How do I show, using only basic methods, that a product
$$a_n=(1+{1 \over 2}) \cdot (1+{1 \over 4}) \cdot ... \cdot(1+{1 \over 2^n})$$ converges?

I know, that $a_1 = {3\over2}$, and that $a_{n+1} = a_n \cdot (1+ {1 \over 2^{n+1}})$.

Going further:
$$ {{a_{n+1}}\over{a_n}} = 1+ {1 \over 2^{n+1}} > 1$$

Now I can prove by induction, that $a_n$ is monotonically increasing, and is greater than one.

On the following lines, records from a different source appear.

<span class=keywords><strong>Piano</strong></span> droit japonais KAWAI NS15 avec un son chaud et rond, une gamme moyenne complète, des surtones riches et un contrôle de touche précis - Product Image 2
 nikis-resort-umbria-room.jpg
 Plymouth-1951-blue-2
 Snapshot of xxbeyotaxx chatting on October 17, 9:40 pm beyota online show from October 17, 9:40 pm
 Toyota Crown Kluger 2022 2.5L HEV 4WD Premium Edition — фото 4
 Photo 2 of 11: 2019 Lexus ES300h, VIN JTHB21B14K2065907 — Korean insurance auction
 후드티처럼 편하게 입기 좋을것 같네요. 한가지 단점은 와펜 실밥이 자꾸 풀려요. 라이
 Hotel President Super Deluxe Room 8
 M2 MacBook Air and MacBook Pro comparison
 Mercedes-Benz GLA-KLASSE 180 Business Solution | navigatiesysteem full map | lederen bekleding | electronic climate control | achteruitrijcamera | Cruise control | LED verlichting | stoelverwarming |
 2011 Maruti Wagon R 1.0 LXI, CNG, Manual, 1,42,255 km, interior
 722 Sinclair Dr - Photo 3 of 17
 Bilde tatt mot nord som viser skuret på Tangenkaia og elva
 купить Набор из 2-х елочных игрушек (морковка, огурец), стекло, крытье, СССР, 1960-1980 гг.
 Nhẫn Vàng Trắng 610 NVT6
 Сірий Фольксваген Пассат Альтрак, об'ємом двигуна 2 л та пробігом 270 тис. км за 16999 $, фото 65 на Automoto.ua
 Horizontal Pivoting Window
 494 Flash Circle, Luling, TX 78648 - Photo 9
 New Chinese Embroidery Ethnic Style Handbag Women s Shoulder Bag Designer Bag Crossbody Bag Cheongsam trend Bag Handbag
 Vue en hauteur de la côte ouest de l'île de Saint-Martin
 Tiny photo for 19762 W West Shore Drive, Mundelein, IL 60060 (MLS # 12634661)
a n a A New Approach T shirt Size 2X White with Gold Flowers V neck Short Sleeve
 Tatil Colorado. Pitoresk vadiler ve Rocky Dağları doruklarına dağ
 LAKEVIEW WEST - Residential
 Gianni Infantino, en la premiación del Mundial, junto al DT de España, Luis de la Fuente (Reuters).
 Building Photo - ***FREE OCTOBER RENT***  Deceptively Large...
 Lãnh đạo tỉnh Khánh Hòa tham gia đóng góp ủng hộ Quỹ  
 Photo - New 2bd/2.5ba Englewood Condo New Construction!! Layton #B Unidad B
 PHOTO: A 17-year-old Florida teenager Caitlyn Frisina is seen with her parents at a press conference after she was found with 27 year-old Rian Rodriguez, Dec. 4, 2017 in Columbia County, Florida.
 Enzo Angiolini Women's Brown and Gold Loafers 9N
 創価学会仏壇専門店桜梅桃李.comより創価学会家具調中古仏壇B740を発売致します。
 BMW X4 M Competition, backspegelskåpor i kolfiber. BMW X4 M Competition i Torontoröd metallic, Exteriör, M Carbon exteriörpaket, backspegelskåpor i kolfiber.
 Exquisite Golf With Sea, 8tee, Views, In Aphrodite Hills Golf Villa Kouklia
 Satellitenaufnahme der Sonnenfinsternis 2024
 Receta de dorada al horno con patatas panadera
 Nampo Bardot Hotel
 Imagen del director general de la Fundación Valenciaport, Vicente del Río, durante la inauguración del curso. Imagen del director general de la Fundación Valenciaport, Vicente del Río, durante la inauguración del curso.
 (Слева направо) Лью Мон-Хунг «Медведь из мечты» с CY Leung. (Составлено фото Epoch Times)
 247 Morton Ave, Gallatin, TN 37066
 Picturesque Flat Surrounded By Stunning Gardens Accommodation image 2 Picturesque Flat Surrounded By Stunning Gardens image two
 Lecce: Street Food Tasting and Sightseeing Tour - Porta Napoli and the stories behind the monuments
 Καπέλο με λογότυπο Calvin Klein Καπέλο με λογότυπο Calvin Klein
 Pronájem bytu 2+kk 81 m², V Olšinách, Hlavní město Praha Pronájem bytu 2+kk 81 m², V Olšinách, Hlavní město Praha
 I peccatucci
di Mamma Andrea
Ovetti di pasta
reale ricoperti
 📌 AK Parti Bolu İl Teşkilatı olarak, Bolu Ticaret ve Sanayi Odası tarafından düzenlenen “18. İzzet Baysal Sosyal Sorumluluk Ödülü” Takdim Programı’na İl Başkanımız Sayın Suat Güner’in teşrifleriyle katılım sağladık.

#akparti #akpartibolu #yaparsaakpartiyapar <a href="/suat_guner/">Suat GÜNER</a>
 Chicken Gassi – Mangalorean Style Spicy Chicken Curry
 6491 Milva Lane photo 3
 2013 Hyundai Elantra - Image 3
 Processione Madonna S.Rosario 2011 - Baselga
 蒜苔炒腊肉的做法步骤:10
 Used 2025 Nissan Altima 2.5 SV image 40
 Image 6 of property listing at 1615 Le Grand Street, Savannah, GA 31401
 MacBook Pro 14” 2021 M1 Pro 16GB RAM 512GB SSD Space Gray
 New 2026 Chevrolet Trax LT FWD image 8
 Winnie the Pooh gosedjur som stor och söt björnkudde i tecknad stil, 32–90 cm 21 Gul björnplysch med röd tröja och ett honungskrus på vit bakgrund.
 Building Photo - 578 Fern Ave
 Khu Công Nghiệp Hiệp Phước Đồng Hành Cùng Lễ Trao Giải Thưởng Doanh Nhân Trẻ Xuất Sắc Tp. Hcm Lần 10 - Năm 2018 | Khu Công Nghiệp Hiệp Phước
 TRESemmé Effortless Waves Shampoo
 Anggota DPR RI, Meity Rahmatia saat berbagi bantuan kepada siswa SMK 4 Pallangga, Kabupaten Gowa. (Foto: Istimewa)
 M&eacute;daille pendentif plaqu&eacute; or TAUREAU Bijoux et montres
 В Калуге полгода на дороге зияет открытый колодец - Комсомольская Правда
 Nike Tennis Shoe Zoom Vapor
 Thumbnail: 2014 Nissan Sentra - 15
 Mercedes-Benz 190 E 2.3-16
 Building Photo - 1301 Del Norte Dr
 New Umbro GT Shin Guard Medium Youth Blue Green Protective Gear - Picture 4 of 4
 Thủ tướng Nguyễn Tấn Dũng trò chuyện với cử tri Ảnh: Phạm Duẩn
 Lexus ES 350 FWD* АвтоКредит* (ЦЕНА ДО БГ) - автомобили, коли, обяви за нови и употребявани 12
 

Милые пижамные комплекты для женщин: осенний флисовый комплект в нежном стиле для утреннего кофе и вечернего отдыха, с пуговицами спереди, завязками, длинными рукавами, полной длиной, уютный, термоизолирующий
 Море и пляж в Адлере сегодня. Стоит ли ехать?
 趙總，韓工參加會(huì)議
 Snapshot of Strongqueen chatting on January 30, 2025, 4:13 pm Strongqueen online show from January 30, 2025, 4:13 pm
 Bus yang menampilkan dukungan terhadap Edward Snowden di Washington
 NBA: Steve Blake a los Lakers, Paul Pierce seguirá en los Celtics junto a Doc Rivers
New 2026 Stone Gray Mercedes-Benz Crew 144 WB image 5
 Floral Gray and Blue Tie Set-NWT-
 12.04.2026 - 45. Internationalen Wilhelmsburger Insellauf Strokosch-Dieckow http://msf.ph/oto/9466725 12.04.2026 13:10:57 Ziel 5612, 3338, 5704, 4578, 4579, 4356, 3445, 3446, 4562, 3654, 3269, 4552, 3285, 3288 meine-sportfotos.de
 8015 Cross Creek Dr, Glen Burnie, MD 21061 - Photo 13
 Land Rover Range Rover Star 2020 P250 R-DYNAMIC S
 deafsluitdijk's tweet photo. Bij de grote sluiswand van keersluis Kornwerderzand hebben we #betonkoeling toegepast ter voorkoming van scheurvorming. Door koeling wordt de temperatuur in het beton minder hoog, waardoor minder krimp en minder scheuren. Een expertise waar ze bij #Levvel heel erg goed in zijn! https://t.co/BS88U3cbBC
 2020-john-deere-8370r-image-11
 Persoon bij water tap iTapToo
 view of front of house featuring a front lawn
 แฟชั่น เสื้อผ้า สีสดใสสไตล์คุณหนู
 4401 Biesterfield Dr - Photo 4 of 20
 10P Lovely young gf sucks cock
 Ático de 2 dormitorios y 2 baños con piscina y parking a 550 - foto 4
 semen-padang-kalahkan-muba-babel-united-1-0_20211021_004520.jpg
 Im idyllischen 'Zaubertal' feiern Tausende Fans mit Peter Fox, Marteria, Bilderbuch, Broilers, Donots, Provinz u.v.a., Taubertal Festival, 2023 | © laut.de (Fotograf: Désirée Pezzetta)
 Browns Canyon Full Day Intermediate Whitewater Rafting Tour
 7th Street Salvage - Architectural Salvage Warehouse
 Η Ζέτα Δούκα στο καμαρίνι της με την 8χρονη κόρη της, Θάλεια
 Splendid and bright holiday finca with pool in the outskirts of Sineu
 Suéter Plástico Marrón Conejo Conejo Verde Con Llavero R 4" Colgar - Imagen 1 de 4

Now, I want to prove, that $a_n$ is convergent. How can I do this? I can't seem to find any sequence greater than $a_n$ with a limit other than + infinity.

Edit
Following @Barry Cipra comment, i tried taking $ln(a_n)$, so:
$$ ln(a_n) = ln((1+{1 \over 2}) \cdot (1+{1 \over 4}) \cdot ... \cdot(1+{1 \over 2^n}))$$ $$ ln(a_n) = ln(1+{1 \over 2}) + ln(1+{1 \over 4}) + ... +ln(1+{1 \over 2^n})$$ $$ ln(a_n) < 1+{1 \over 2}+1+ {1 \over 4}+...+1+{1 \over 2^n} = n +1$$ $$ ln(a_n) < n+1 $$ $$ a_n < e^{n+1} $$

But I still don't know how this gets me any closer to the answer

Answer 1

It is true that $\ln (x)\le x$ for every $x$, but a sharper inequality is: $$ \ln (x) \le x-1\qquad{\text{for all $x$}}. $$ Using this inequality you get $$\ln (a_n) \le \sum_{k=1}^n \frac1{2^k}\le 1, $$ which implies that $(a_n)$ is bounded above. From this, along with what you've already established, we deduce that $(a_n)$ converges.